The best analogy I’ve been able to think of for dry processed coffees so far is game meat. While I often like it, if not of the right quality or not well-prepared, the gaminess can overwhelm. And even when done right, it’s not a flavor that everyone enjoys. The challenge then is for the chef to select and prepare the meat in a way that exhibits some restraint and subtlety; the meat should exhibit it’s wilder qualities without overwhelming the consumer (and I mean this in both senses of the word). Verve’s Roasters seem to handle their Ethiopia Sidamo Dry-Processed Dale Organic (phew!) in just this way as I discovered when recently purchasing it from San Francisco wholesale client Farm:Table.
The Dale is indubitably fruity, but light in tone, exhibiting strawberry, pineapple, sweet lemon and a cheesecake like tangy-sweet-creaminess. I also noted lemongrass and something floral, maybe gardenias. It was only after 2 weeks or so from the roast date – a time frame I’ve now heard several coffee people recommend for these dry-processed coffees – that some of this coffee’s intensity subsided and I started tasting a mild, but wild blueberry. This coffee worked equally well as a French Press or pour over drip and produced a good, although surprisingly unfruity siphon. It was not very good as a single origin espresso although one wouldn’t expect it to be given its extremely light roast.

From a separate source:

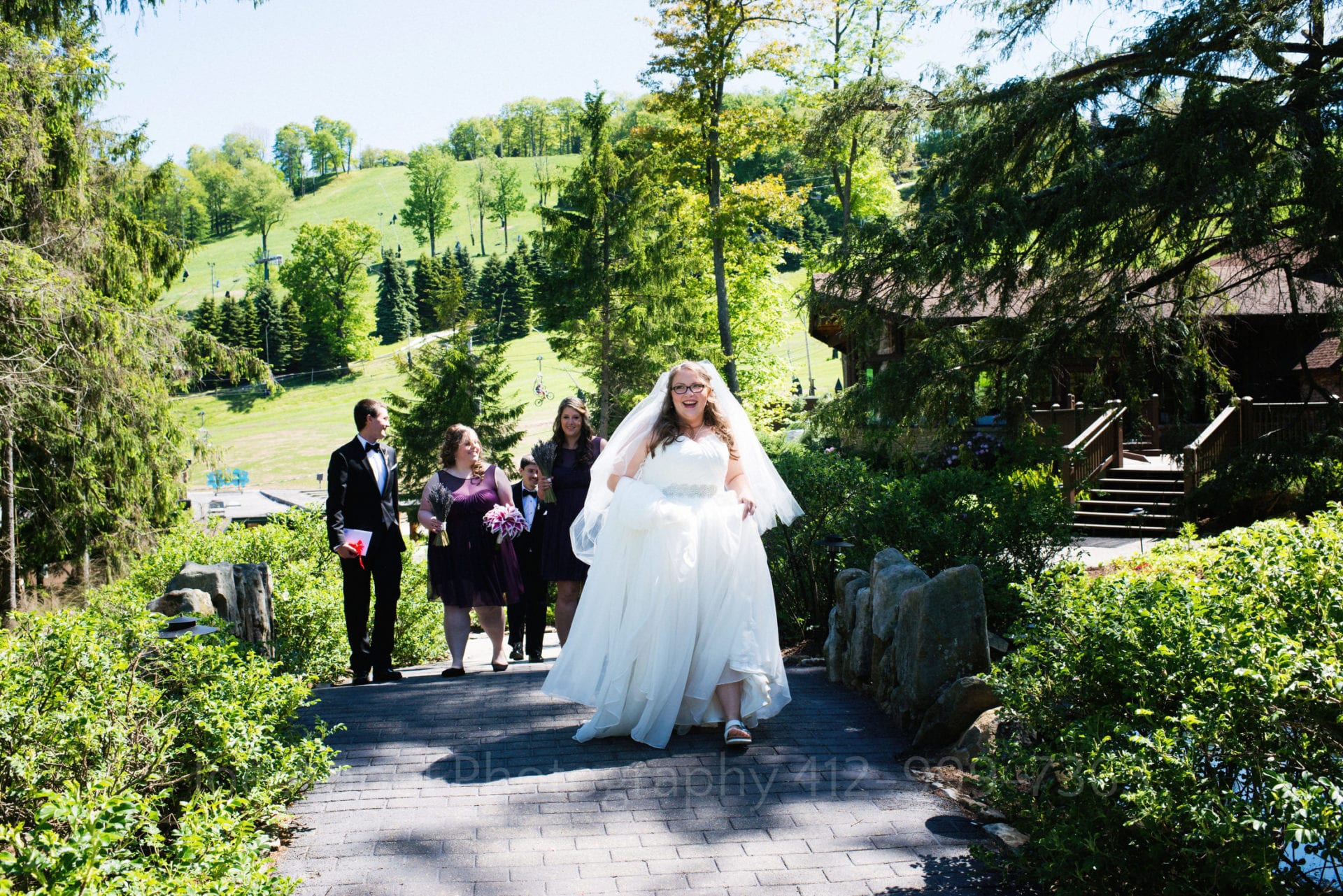 a bride walks on a path surrounded by grassy green hills Seven Springs Weddings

The other coffee I picked up on that trip was the Vancouver Decaf blend, which was, simply put, a decent decaf. It’s lightly roasted enough to exhibit some pleasant caramel, tobacco and leather notes along with a touch of brightness when brewed as a pour over or French Press. Yet, dark roasted enough to yield a decent, but somewhat uninspiring espresso. That’s a difficult, trick to pull off and has the plus of being a decent one-size-fits-all decaf and has the minus of being a one-size-fits-all decaf. As a regular coffee, it would probably fall short of a rcommendation, but as a lighter roasted decaf, it’s worth checking out.